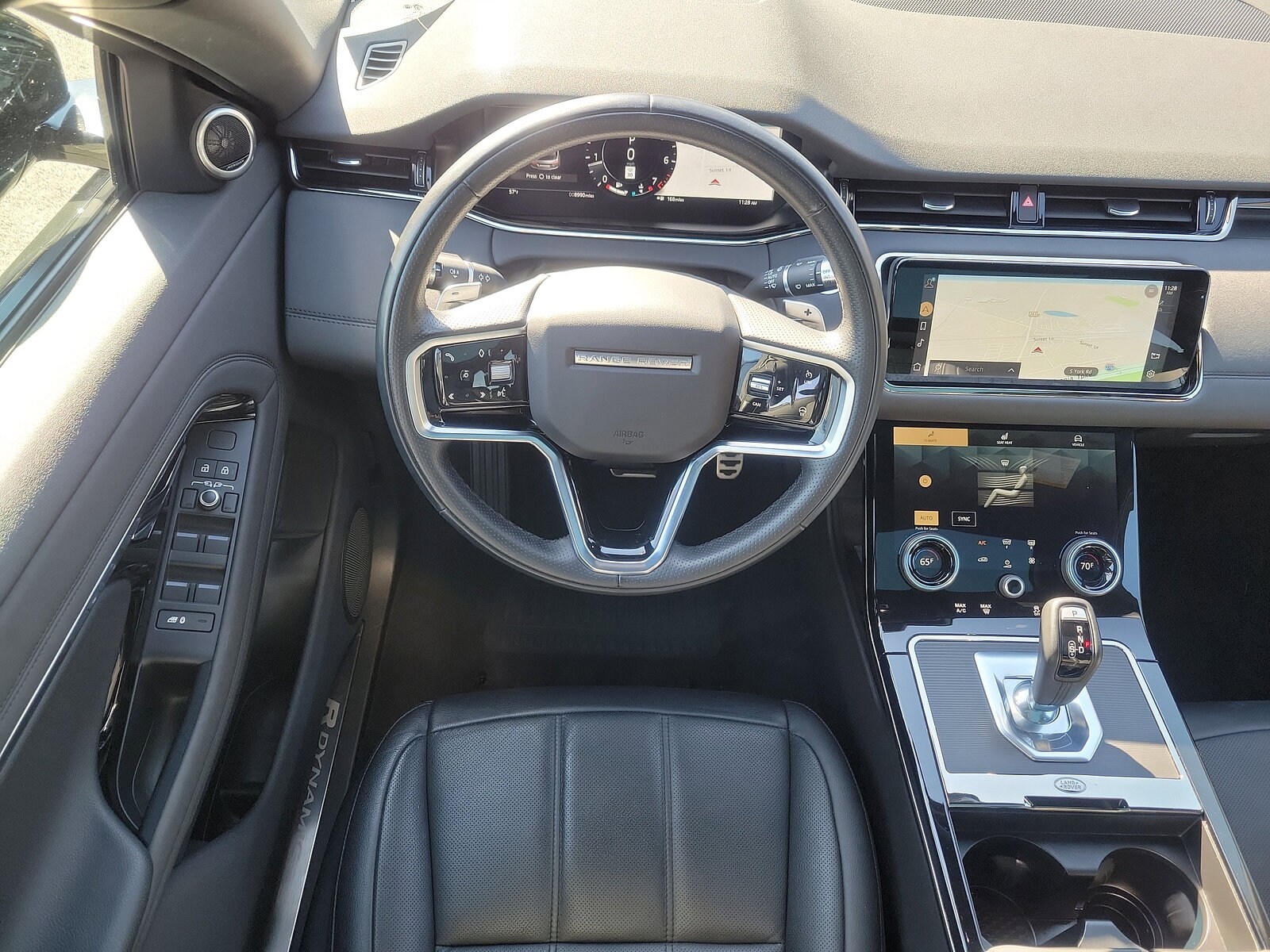 2022 Land Rover Range Rover Evoque R-Dynamic SE photo 4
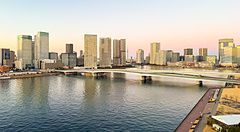 Veduta panoramica di grattacieli e un ponte sul fiume ripresa dalla stanza a La Vista Tokyo Bay a Toyosu.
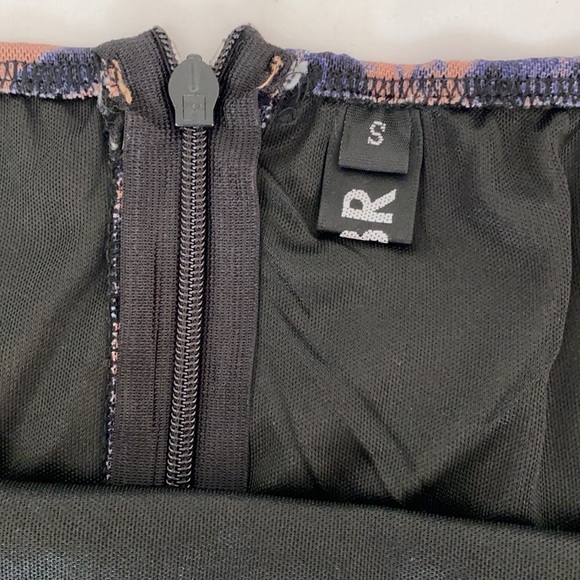 CBR mesh dress with cinch side - Picture 3 of 3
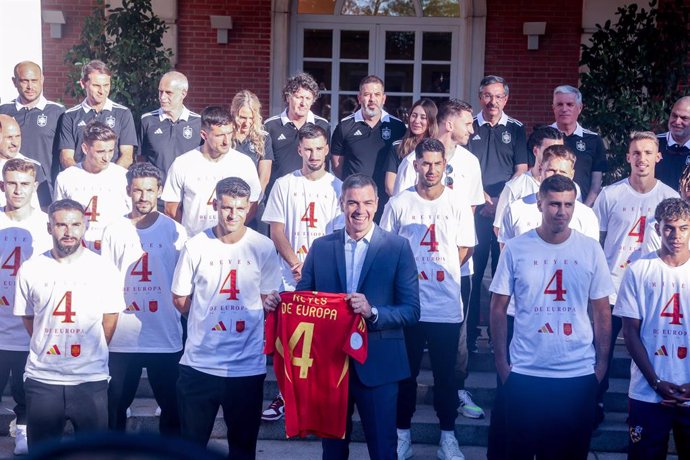 El president del Govern, Pedro Sánchez, rep a la Selecció espanyola de Futbol, campiona de l'Eurocopa 2024, en el Complex de la Moncloa, a 15 de juliol de 2024, a Madrid (Espanya). La Selecció espanyola de Futbol s'ha proclamat campiona d'Europa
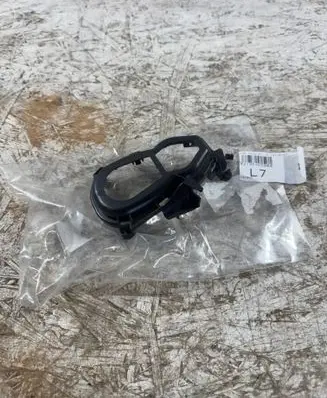 Mercedes-Benz E W213 Brake pads wear sensor A2135465800 20250129 2314900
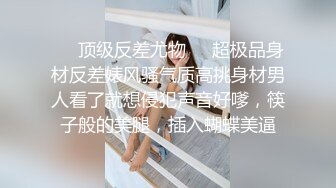 舌吻摸奶口交舔弄，特写掰穴抬腿侧入被操的啊啊啊直叫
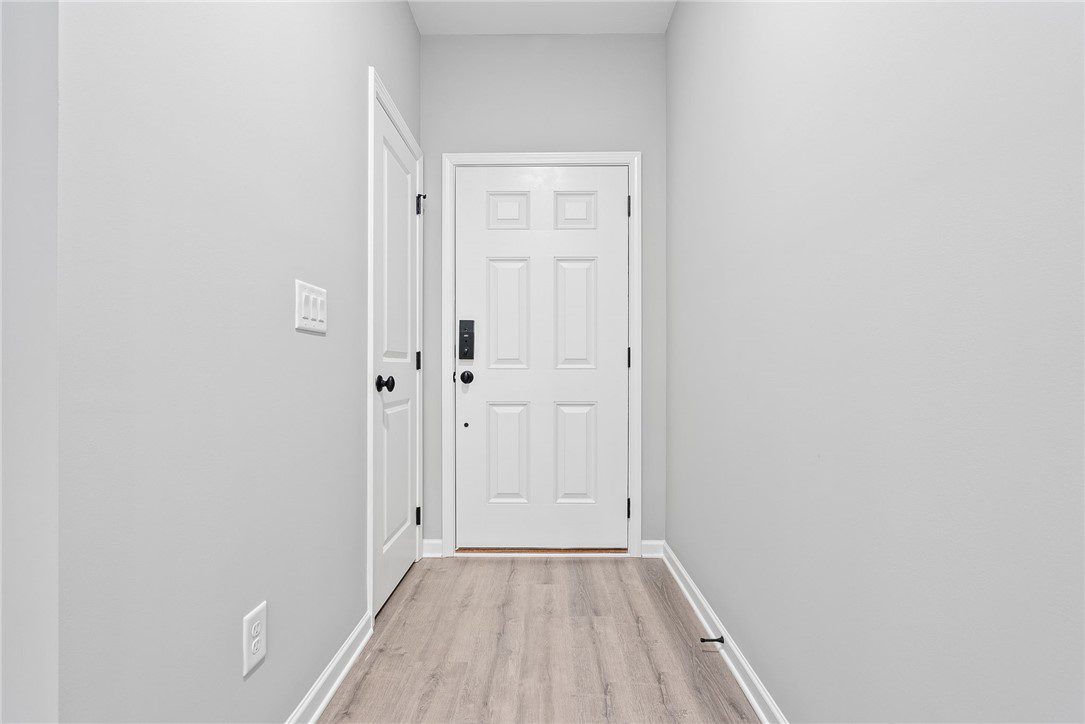 Small images of 175595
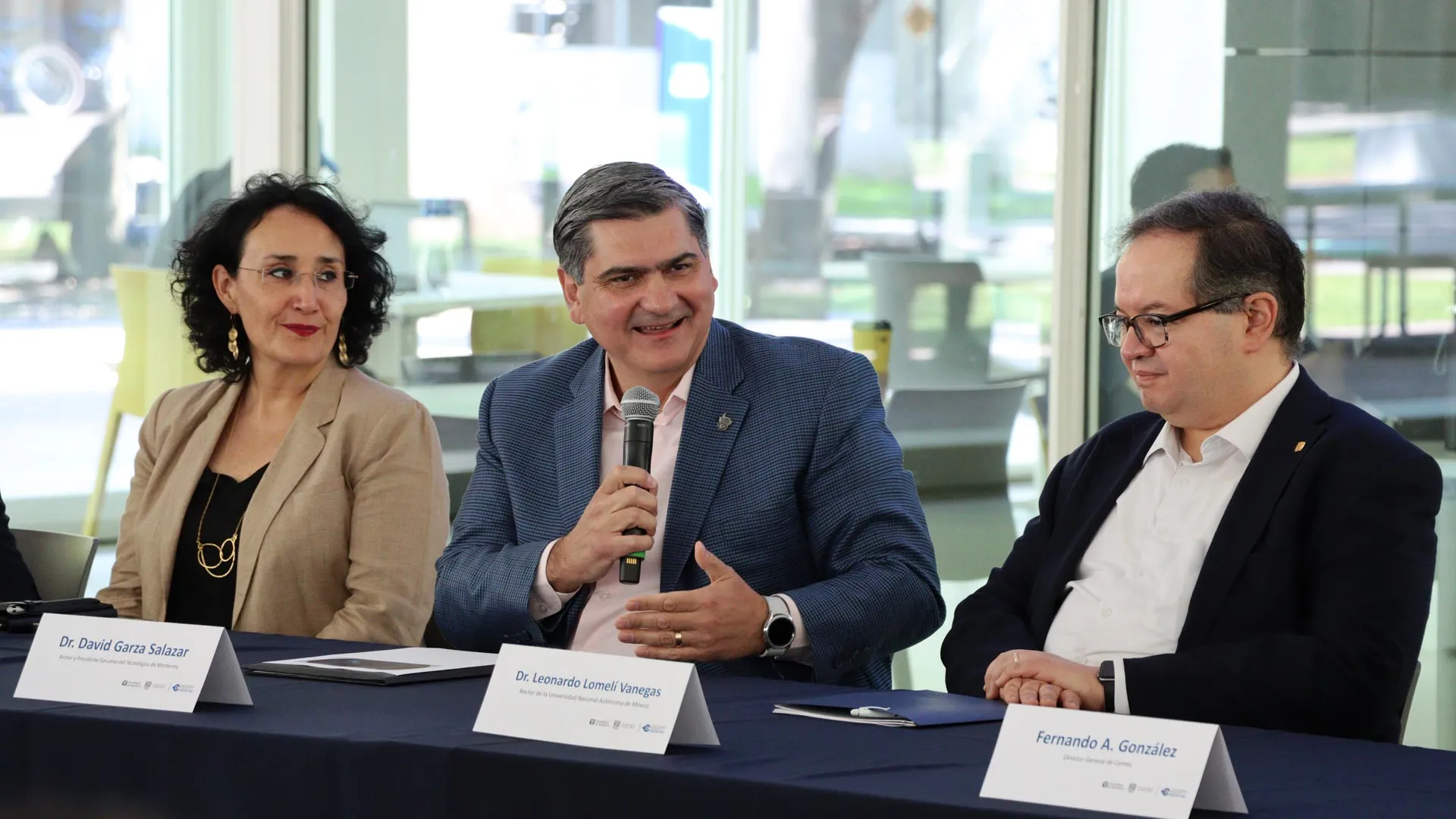 Los rectores David Garza y Leonardo Lomelí durante la presentación de avances.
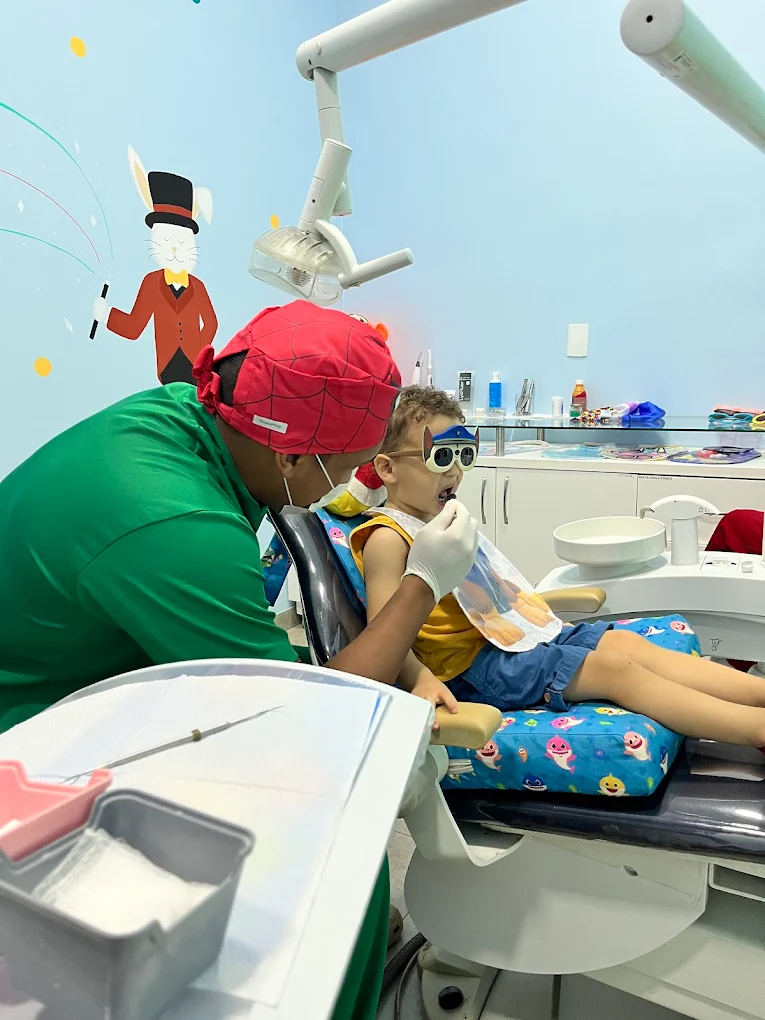Atendimento infantil divertido na ABCdente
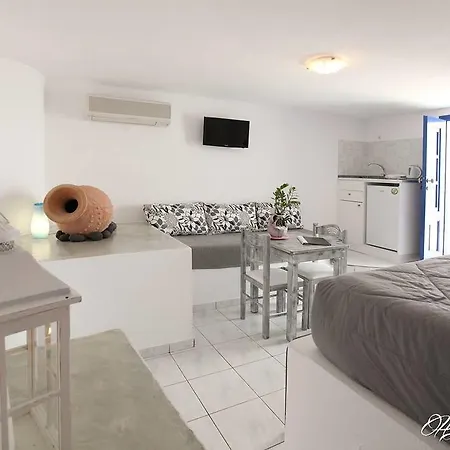 Guest house Happening Imerovigli (Santorini)
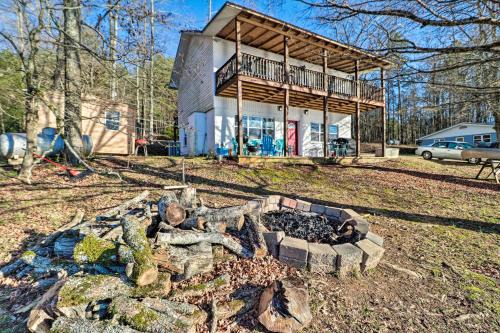 Delta House | Lakefront Delta Cottage w/Views, Canoe & Dock!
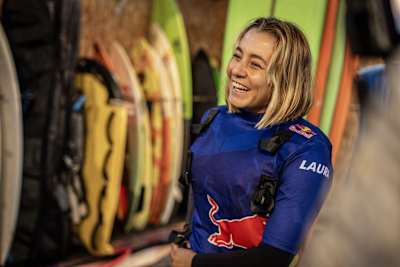 Laura Coviella posa para un retrato en Nazaré, Portugal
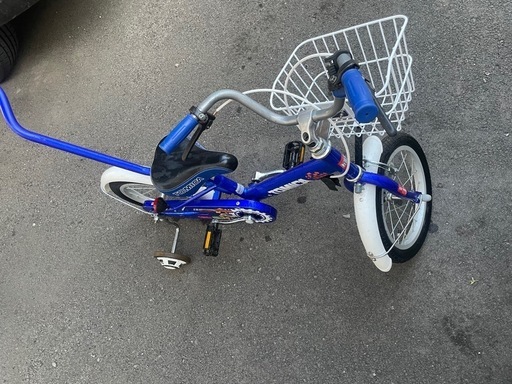 トミカ　自転車　定価2万円くらい　14インチ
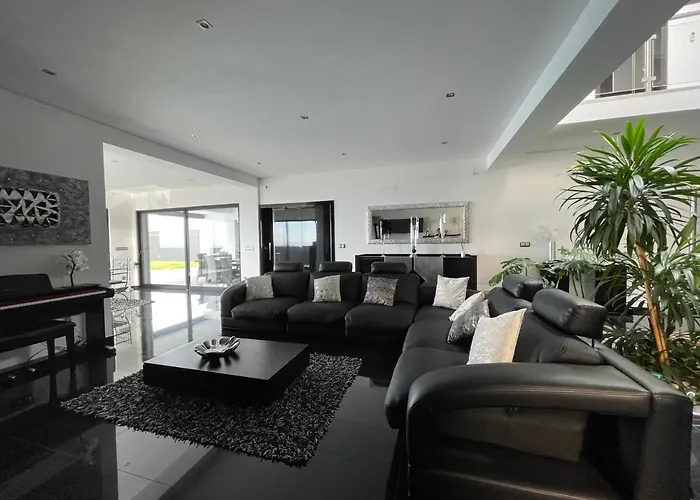 Vivenda Luxuosa Feteiras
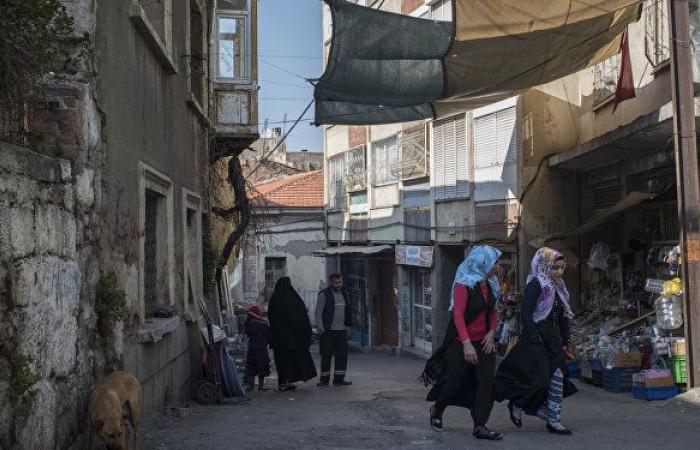 مقتل 3 نساء بانفجار لغم من مخلفات المسلحين تحت سيارة في غوطة دمشق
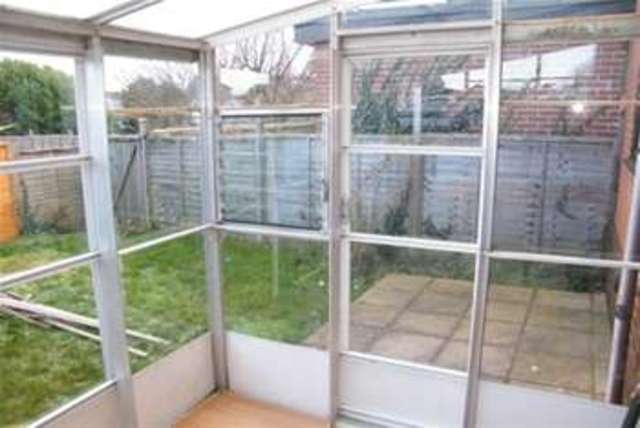  Image of 2 bedroom Detached house to rent in Woods Drive Apse Heath Sandown PO36 at Sandown, PO36 0LP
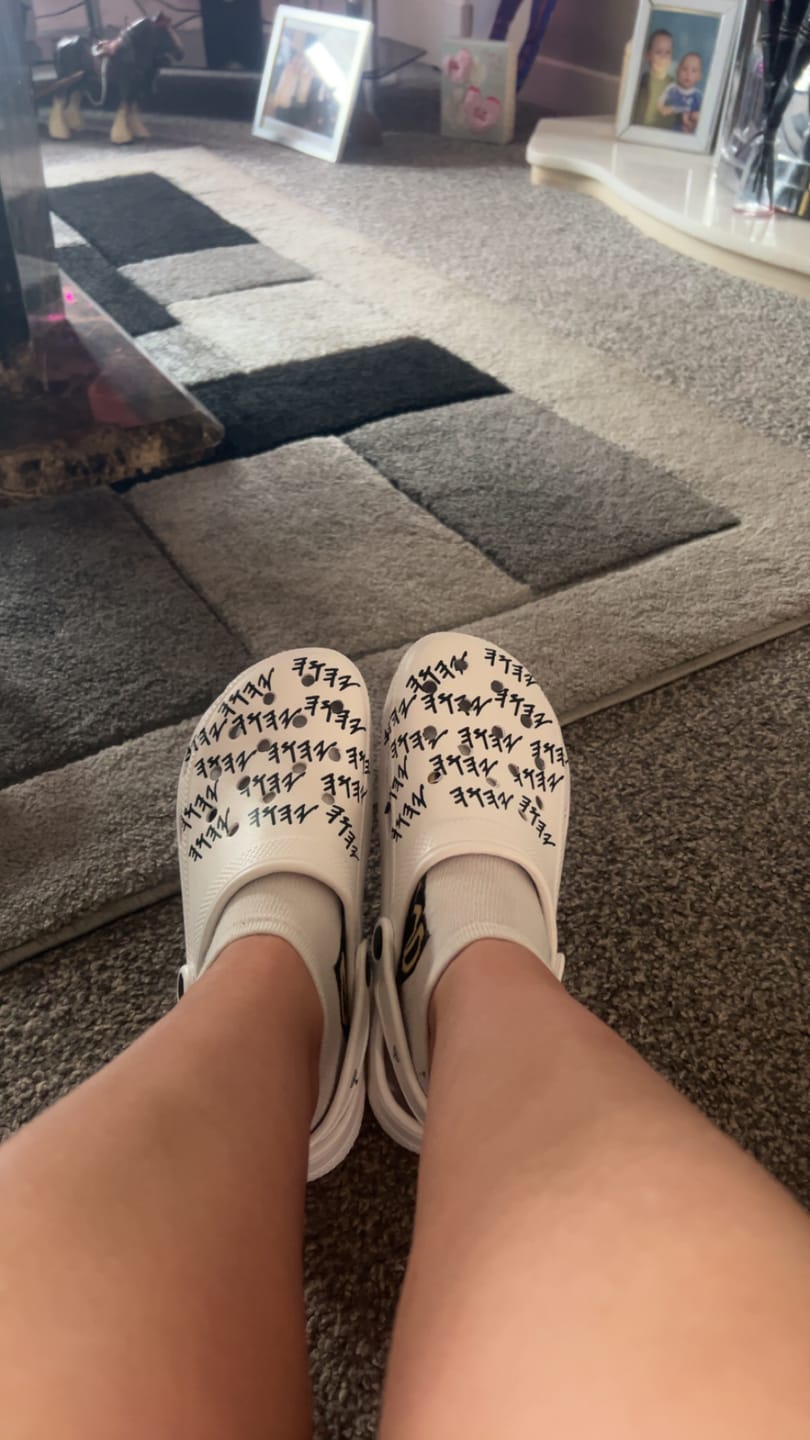 Customer photo review of YAHUAH (CROCS)🔥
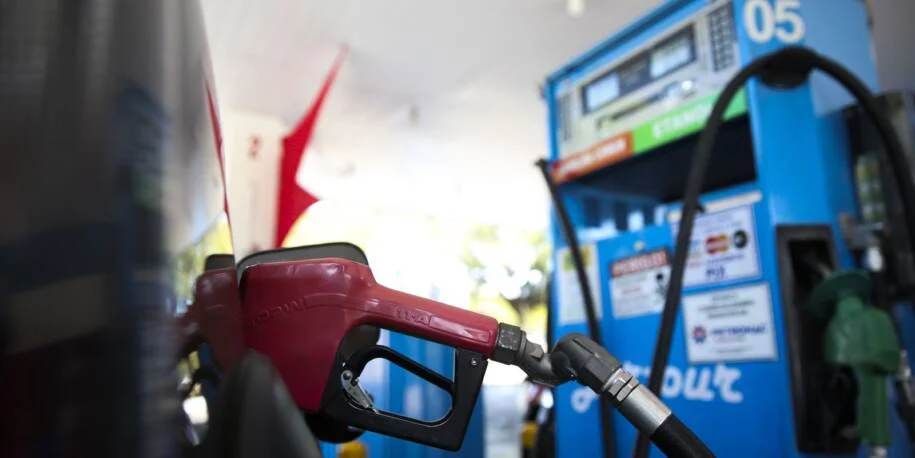Governo amplia subsídios e reduz impostos de combustíveis a R$ 5,2 bi em 30 dias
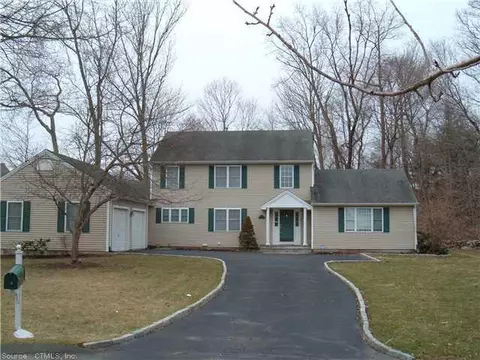 8 Cherry Hill Cir, Monroe, CT 06468 photo 1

## Exercise objective
Pictures are not part of the copy. Extract exactly the lines from the line containing "舌吻摸奶口交舔弄，特写掰穴抬腿侧入被操的啊啊啊直叫" through the final line of the entries above, both included.

## Answer section
 舌吻摸奶口交舔弄，特写掰穴抬腿侧入被操的啊啊啊直叫
 Small images of 175595
 Los rectores David Garza y Leonardo Lomelí durante la presentación de avances.
Atendimento infantil divertido na ABCdente
 Guest house Happening Imerovigli (Santorini)
 Delta House | Lakefront Delta Cottage w/Views, Canoe & Dock!
 Laura Coviella posa para un retrato en Nazaré, Portugal
 トミカ　自転車　定価2万円くらい　14インチ
 Vivenda Luxuosa Feteiras
 مقتل 3 نساء بانفجار لغم من مخلفات المسلحين تحت سيارة في غوطة دمشق
  Image of 2 bedroom Detached house to rent in Woods Drive Apse Heath Sandown PO36 at Sandown, PO36 0LP
 Customer photo review of YAHUAH (CROCS)🔥
Governo amplia subsídios e reduz impostos de combustíveis a R$ 5,2 bi em 30 dias
 8 Cherry Hill Cir, Monroe, CT 06468 photo 1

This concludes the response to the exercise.